==== Listed entries ====

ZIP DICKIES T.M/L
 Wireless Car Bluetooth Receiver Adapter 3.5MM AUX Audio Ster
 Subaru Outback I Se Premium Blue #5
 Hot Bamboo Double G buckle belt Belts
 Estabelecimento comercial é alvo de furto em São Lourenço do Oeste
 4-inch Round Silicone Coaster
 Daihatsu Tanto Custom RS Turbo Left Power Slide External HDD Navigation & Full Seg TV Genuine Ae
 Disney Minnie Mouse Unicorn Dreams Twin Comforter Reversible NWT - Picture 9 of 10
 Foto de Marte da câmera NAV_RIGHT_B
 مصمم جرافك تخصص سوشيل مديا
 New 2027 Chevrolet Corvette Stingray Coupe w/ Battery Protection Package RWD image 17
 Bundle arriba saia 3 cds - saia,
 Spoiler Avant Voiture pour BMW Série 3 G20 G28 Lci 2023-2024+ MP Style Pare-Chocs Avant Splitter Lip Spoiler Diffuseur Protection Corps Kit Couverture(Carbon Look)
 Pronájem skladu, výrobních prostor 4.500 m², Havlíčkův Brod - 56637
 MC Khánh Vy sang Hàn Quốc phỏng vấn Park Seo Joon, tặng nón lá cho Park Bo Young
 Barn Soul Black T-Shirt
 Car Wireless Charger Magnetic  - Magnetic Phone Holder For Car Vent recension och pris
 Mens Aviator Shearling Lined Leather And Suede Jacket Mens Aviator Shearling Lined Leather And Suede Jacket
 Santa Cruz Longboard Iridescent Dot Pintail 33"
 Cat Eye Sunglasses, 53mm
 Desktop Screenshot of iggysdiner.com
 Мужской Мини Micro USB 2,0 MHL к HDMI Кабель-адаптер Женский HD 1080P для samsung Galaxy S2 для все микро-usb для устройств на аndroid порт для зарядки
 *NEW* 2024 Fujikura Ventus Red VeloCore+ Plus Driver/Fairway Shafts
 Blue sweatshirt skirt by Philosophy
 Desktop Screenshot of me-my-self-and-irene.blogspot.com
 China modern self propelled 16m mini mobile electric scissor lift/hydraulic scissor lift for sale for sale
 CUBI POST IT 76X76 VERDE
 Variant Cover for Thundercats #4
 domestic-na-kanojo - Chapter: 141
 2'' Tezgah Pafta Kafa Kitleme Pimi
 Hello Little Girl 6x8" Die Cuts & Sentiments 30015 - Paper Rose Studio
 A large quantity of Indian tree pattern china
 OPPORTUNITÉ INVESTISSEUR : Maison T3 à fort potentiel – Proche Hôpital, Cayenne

====

■ **What you need to do**:
Lines above holding "self": give their count, nothing more.

■ **Answer for the task**:
2